The teardown path explicitly marks the endpoint unhealthy on a net.Error.Timeout() from the backend leg (timeouts can only originate from the backend conn since the client conn has no deadline, so attribution is unambiguous).

Verification

Tested ping/pong against every reachable upstream WSS in production (Alchemy, dRPC, QuickNode, Tempo, Solana).

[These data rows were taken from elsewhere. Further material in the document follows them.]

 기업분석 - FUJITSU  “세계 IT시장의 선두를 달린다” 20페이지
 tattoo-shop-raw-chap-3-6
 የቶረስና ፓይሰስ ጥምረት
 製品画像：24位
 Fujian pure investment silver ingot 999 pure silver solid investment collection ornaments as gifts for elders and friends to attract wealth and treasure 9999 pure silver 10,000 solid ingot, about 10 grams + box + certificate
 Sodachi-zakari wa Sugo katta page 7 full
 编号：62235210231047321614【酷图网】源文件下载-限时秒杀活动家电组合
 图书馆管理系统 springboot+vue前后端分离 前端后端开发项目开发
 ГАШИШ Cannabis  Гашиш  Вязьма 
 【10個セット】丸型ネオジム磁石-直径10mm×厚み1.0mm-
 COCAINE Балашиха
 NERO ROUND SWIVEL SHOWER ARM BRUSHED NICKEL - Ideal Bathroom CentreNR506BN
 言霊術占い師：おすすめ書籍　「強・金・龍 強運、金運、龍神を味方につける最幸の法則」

All replied within 100-355ms with the original payload echoed, confirming forwarding works end-to-end (or at least far past the CDN edge).

Two new tests in internal/server/server_test.go:

  • TestProxyWebSocket_UpstreamIdleTimeout — silent upstream → client torn down within wsIdleTimeout (overridden to 300ms for the test) and endpoint marked unhealthy.
  • TestProxyWebSocket_PingPongForwarded — asserts a client ping reaches the upstream with the original payload and the upstream's pong reaches the client unchanged.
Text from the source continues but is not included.